The complete modular flow now looks like this:
Upload → via FastAPI, It’s then Parsed using Python
Chunk → using regex or sentence-based strategy
Embed → using Sentence Transformers
Query → FastAPI endpoint retrieves top chunks, invokes OpenAI for final response
The last step
While the backend was robust and working well, the frontend was still pending. The next logical step was to wrap it with a UI — either a simple React app or a web-based assistant—to make it more user-friendly. That’s where Claude came in. I had a basic design sketched out in Figma and started with a simple idea, then watched Claude generate a complete, usable UI in under 10 minutes — it was absolutely mind-blowing.
Through iterative prompting, we evolved the basic components into a polished React interface, complete with drag-and-drop file uploads, chat bubbles and smooth animations. We then seamlessly integrated it with the FastAPI backend, powered by OpenAI's embeddings.
The result? DocuBrain — a Proof of Concept for document intelligence application that transforms static PDFs into interactive conversations.
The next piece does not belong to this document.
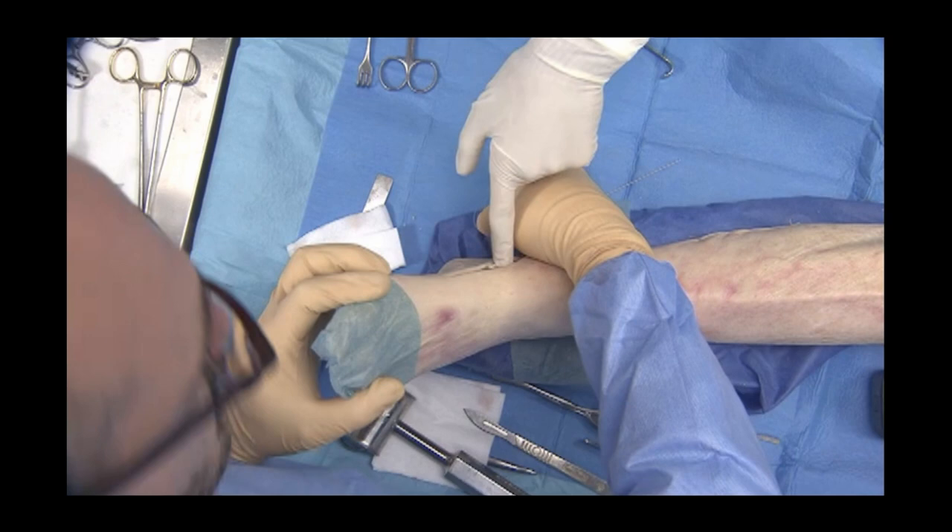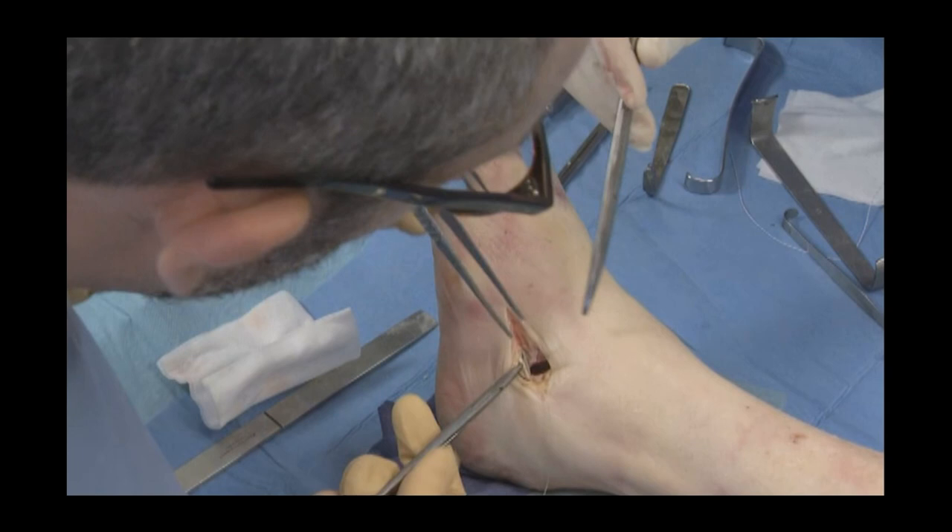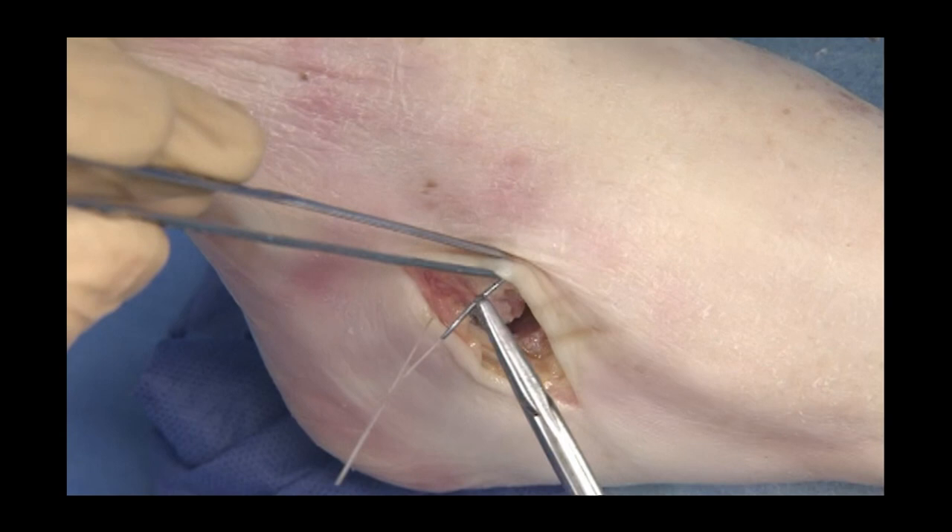Deformity correction efficiency is controlled on the medial side, and soft tissue procedures are completed at this time. Wound closure is performed by stitching the extensor retinaculum to the peroneal sheath.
Built entirely through AI-assisted development, it proved that with the right conversations, you don’t just write code—you build software that’s great for having that first conversation and make selling ideas a lot easier.
Conclusion
This was one of my earliest attempts at using AI not just to write code, but to build a working solution prototype, something people could actually interact with, explore, and experience end to end. It went beyond static screens or conceptual mockups and demonstrated how an idea could move from intent to a usable product through iterative collaboration between human judgment and AI capability.
Since then, this space has expanded at an incredible pace. New tools now promise to generate interfaces, workflows, and full applications from simple prompts. The distance between product vision and working software has reduced dramatically. What once required weeks of engineering effort can now be prototyped in hours.
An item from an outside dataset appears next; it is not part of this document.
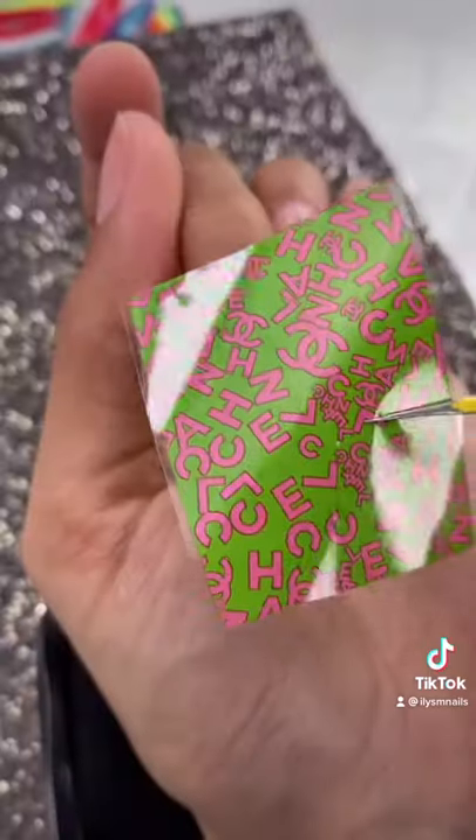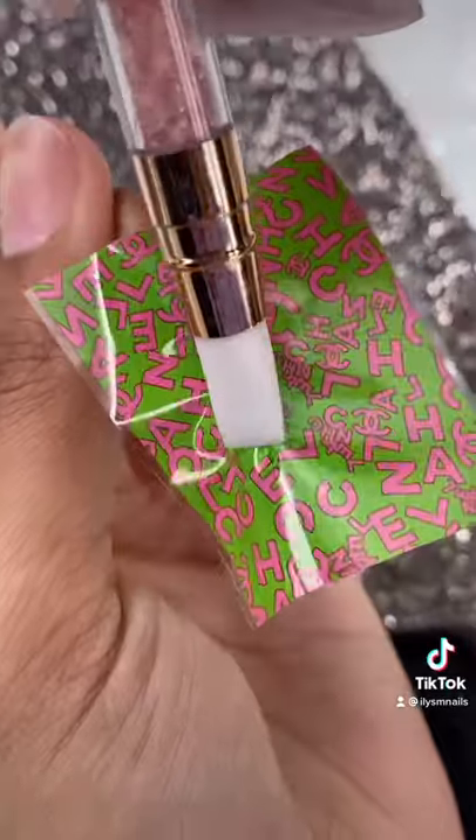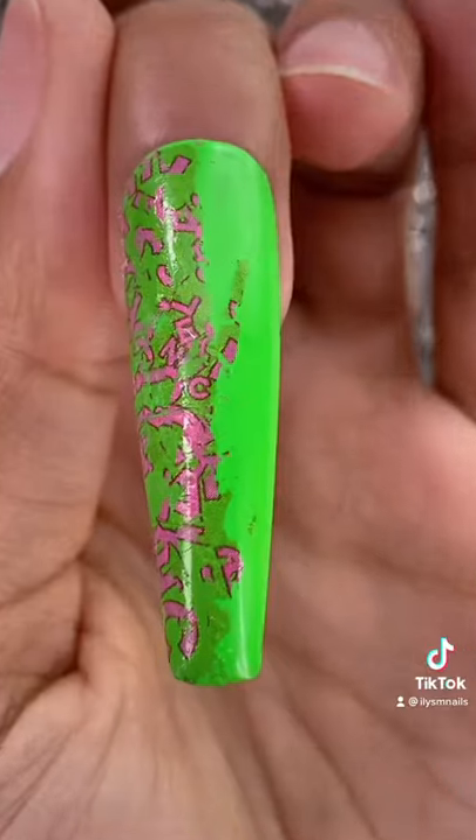Wiping off the extra. Placing the foil down and pushing it into my nail. I really hope this turns out. Oh, wait a minute.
Yet, this experience also made one thing very clear. AI can accelerate execution, remove friction, and make experimentation easier, but it does not replace the need for human thinking. The decisions around what to build, why it matters, how it should behave, and when something is truly useful still rely on human understanding.
DocuBrain was not just a proof of concept for document intelligence. It was a proof of a new way of building, where AI becomes a collaborator in translating ideas into tangible software. The tools will continue to evolve, and the gap between idea and implementation will keep shrinking. But the role of the human in the loop, providing direction, context, and judgment, remains essential.